BEGIN DATASET CONTENT

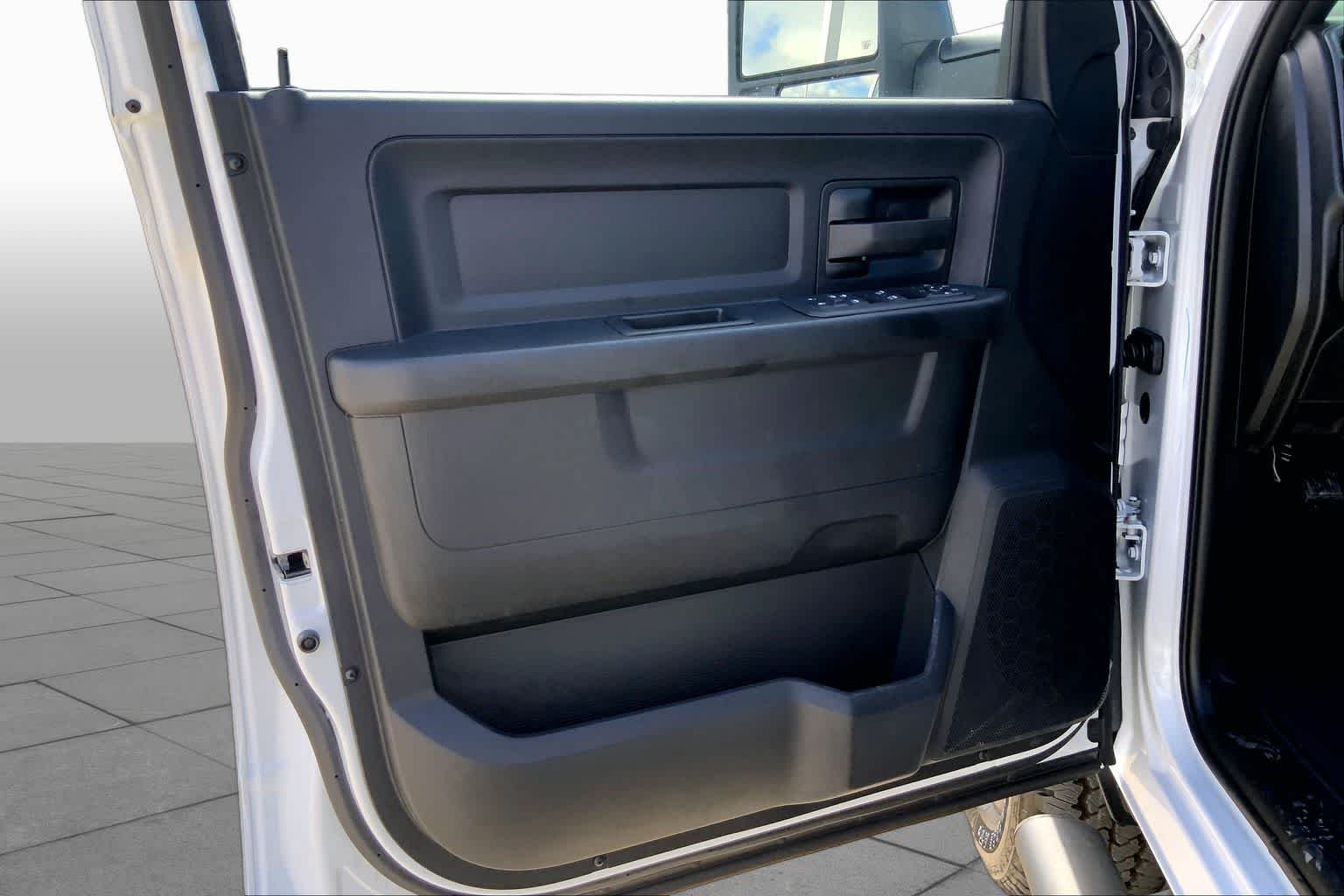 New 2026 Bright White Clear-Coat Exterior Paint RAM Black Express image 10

END DATASET CONTENT
BEGIN DATASET CONTENT

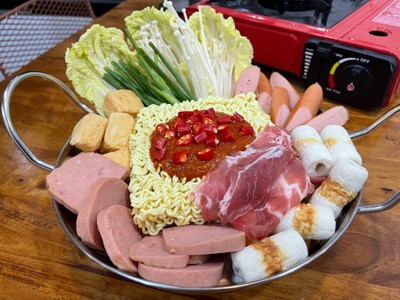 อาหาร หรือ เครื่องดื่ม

END DATASET CONTENT
BEGIN DATASET CONTENT

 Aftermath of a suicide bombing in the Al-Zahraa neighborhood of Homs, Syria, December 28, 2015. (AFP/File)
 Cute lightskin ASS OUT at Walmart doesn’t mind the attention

END DATASET CONTENT

### ASSIGNMENT
Look above for the line holding "Aftermath of a", then set down exactly that line and every line after it up to and including the line holding "Cute lightskin ASS", with nothing else.

### RESPONSE TO THIS TASK
 Aftermath of a suicide bombing in the Al-Zahraa neighborhood of Homs, Syria, December 28, 2015. (AFP/File)
 Cute lightskin ASS OUT at Walmart doesn’t mind the attention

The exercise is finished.